[INFORMATION SUPPLIED — start]

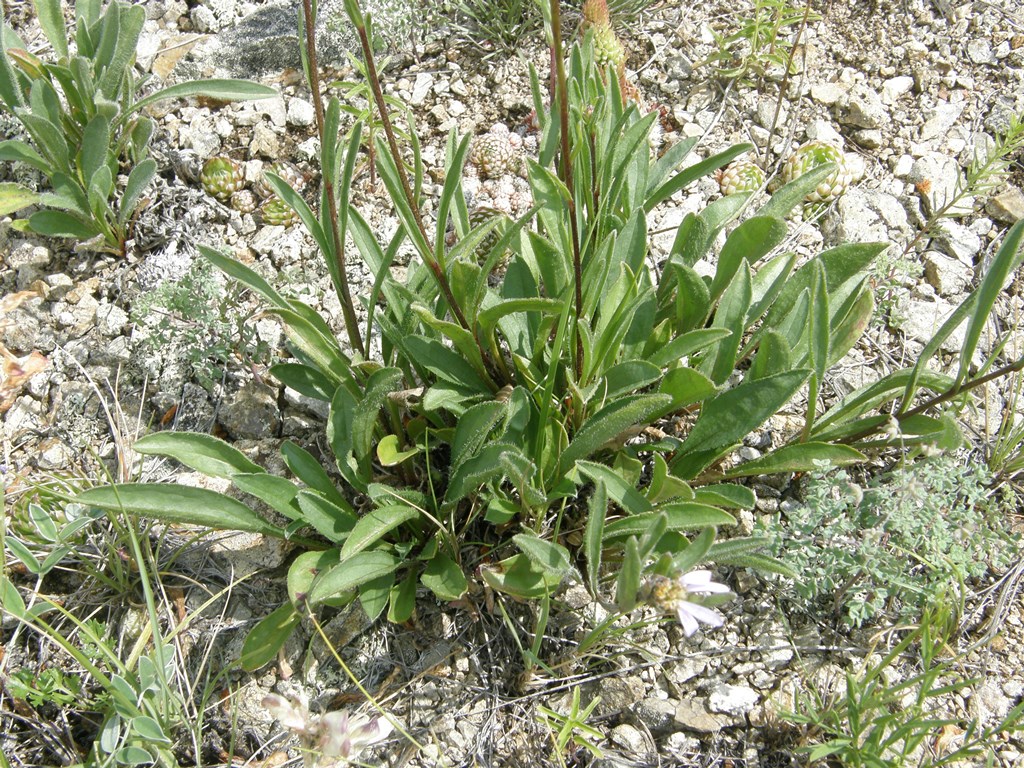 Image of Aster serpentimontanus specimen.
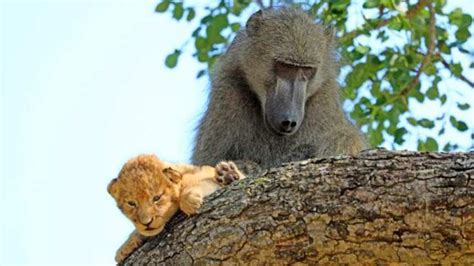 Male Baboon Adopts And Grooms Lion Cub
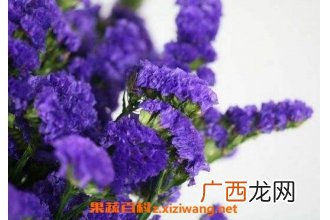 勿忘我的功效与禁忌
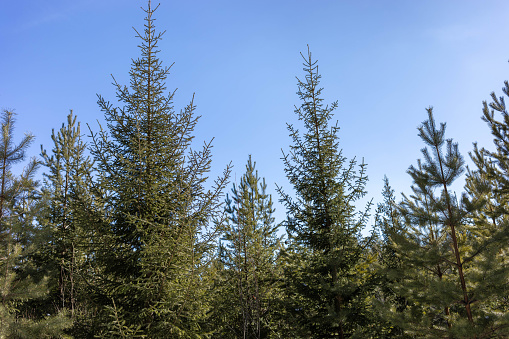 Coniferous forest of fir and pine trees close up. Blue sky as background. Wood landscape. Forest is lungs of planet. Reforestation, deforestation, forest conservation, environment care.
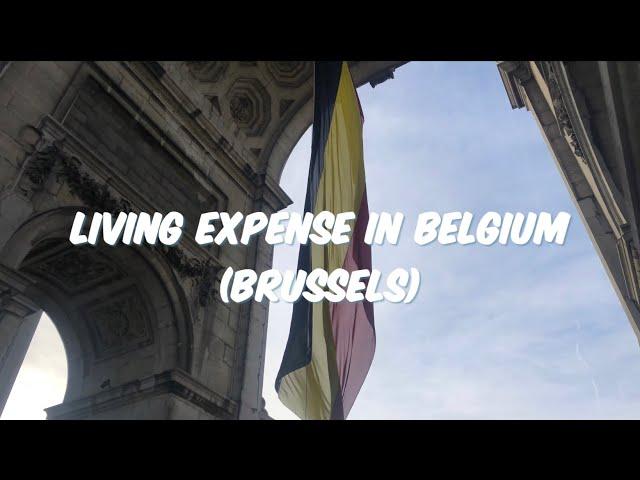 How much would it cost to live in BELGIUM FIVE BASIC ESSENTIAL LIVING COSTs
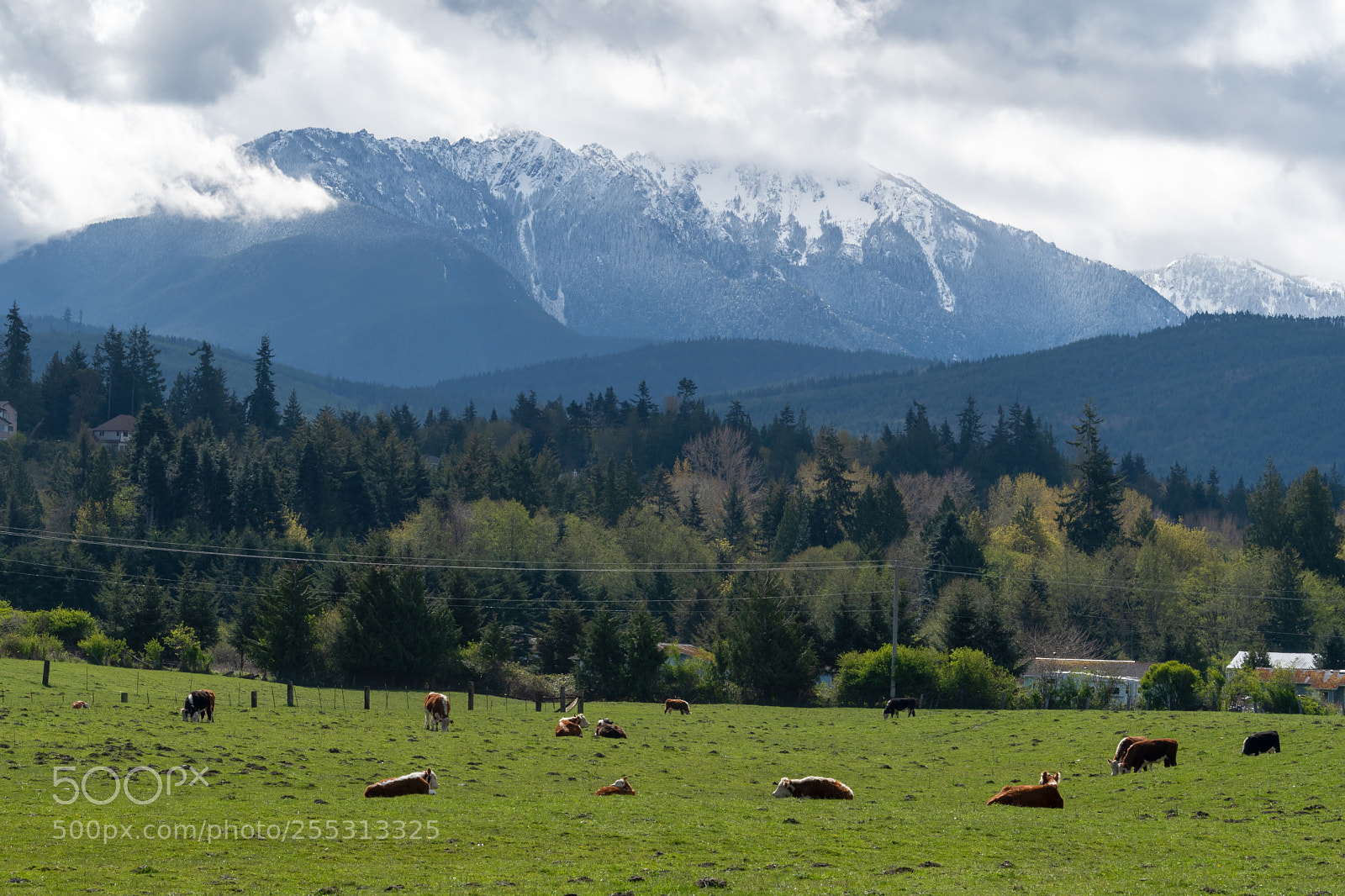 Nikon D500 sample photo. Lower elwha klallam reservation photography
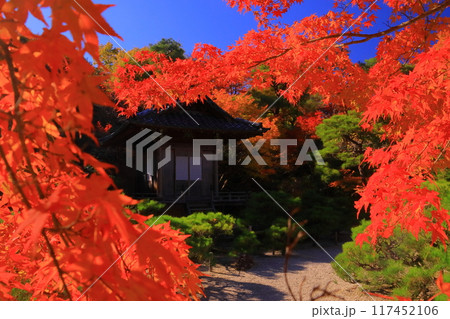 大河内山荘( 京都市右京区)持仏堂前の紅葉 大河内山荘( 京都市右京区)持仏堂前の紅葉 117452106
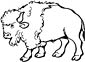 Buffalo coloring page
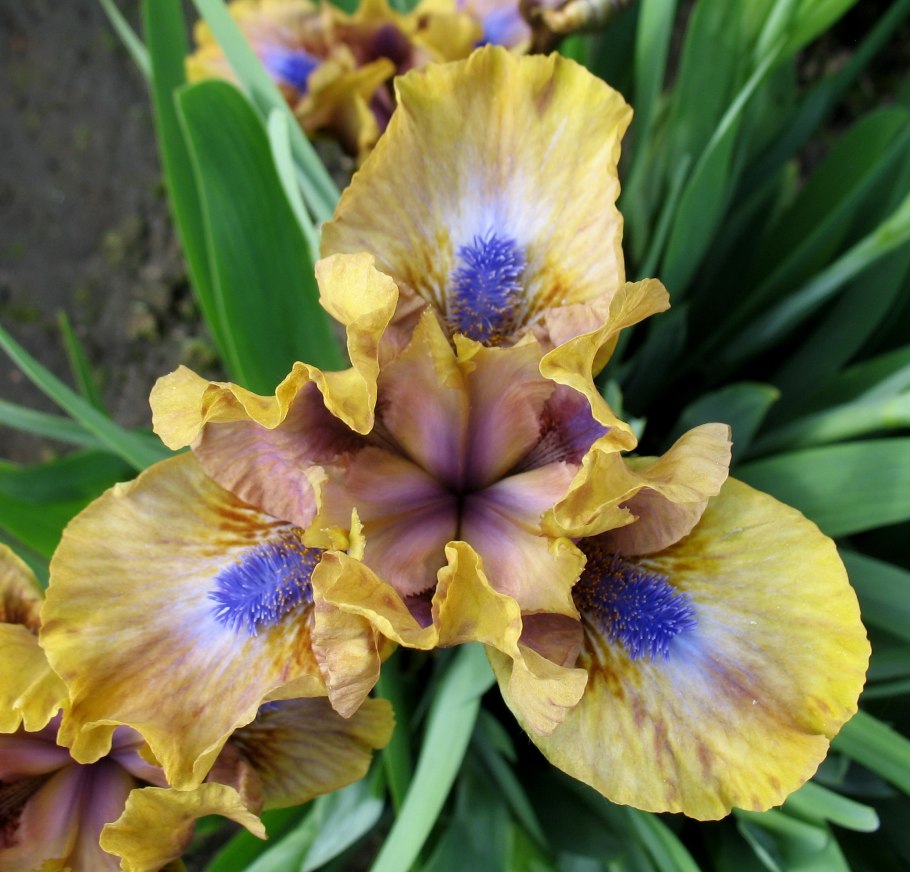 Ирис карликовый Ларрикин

[INFORMATION SUPPLIED — finish]
[INFORMATION SUPPLIED — start]

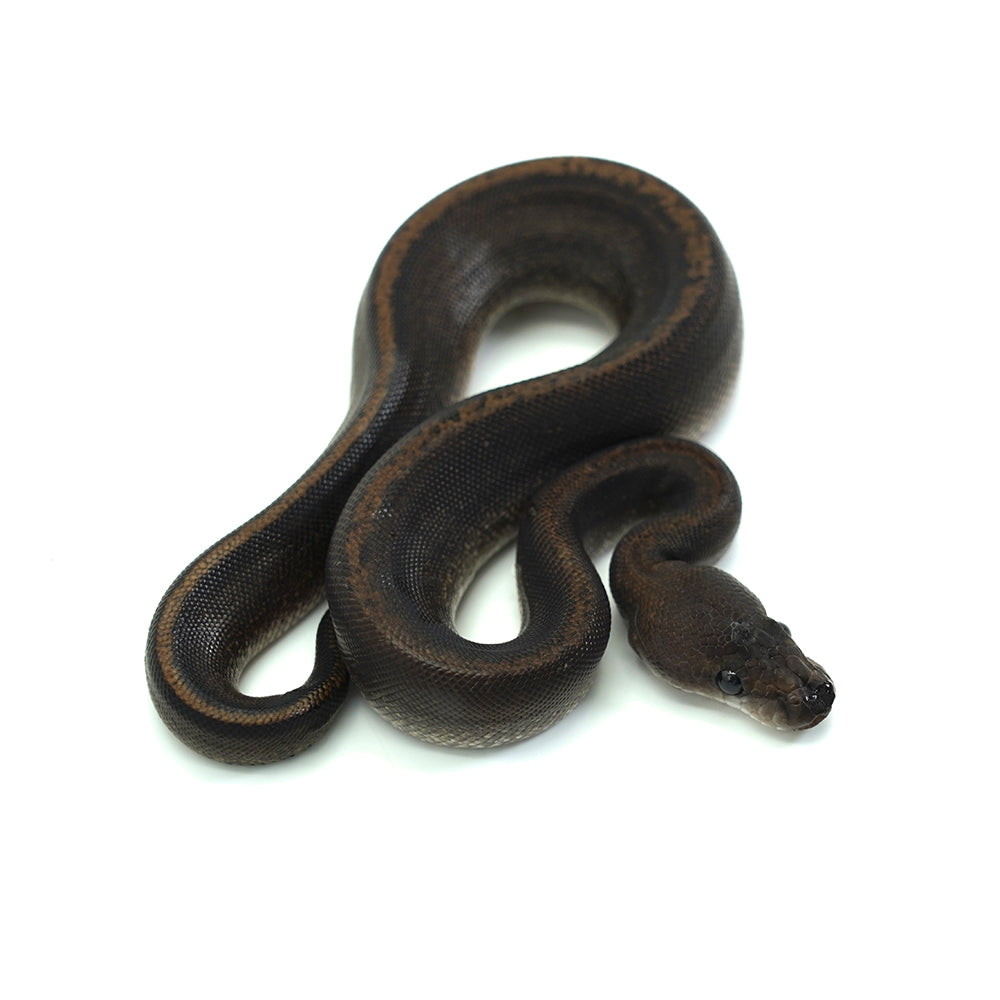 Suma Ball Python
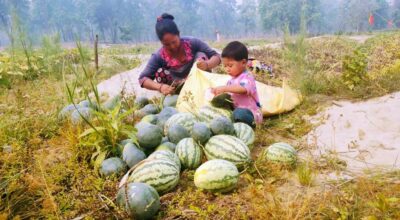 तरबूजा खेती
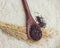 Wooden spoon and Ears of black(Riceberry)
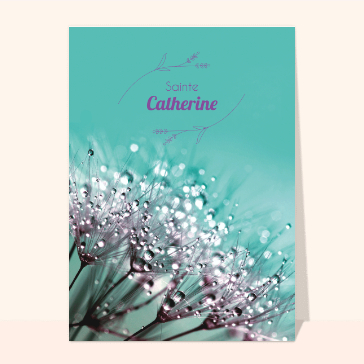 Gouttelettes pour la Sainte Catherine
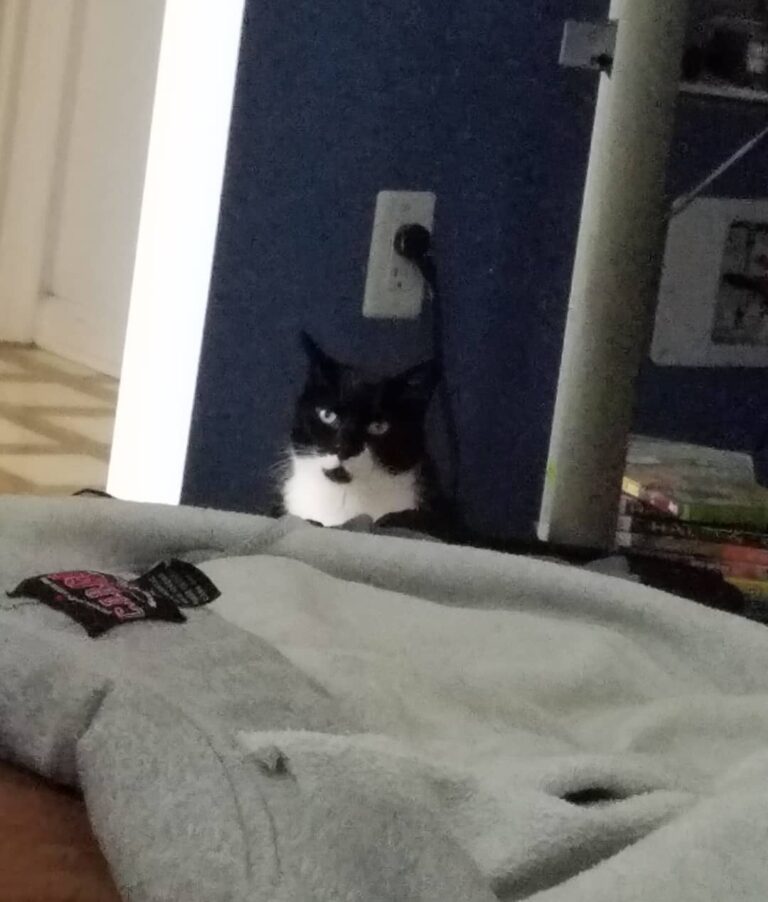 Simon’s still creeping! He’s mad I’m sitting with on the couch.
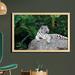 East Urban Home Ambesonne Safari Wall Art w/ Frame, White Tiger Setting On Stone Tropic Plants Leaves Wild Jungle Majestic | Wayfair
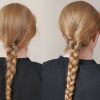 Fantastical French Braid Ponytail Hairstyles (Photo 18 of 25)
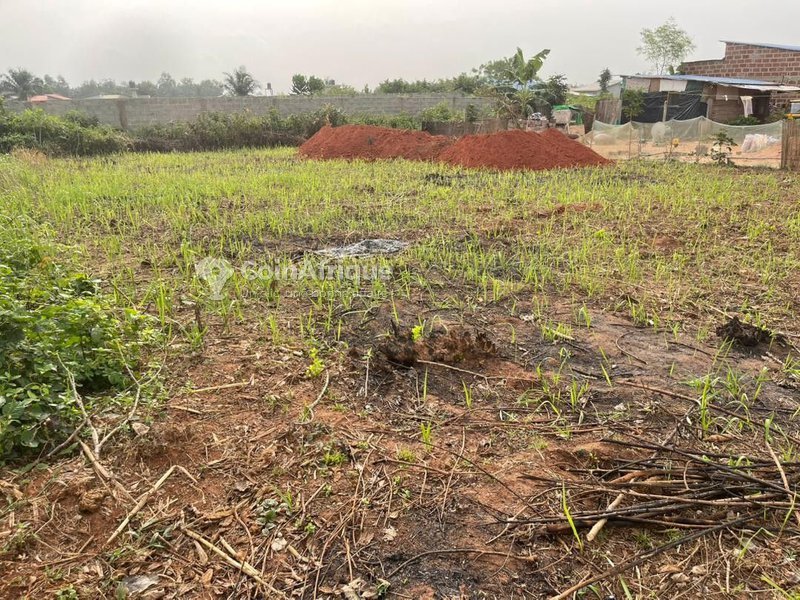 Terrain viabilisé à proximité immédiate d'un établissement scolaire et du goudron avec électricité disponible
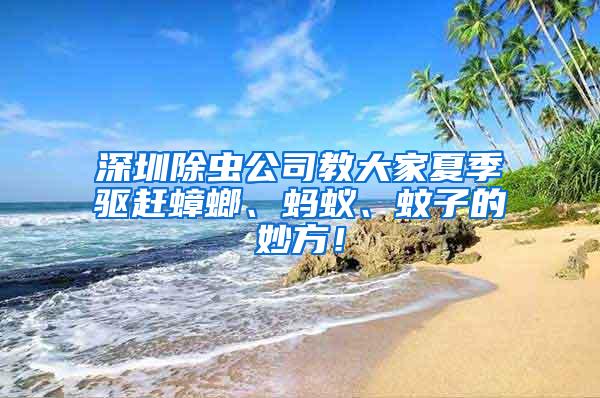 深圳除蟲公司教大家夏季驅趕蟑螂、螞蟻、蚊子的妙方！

[INFORMATION SUPPLIED — finish]

**TASK ITEM**: Output exactly the lines above that lie between the line with "How much would" and the line with "Ирис карликовый Ларрикин", those two lines included, and no pictures.

**RESPONSE FOR THIS EXERCISE**:
 How much would it cost to live in BELGIUM FIVE BASIC ESSENTIAL LIVING COSTs
 Nikon D500 sample photo. Lower elwha klallam reservation photography
 大河内山荘( 京都市右京区)持仏堂前の紅葉 大河内山荘( 京都市右京区)持仏堂前の紅葉 117452106
 Buffalo coloring page
 Ирис карликовый Ларрикин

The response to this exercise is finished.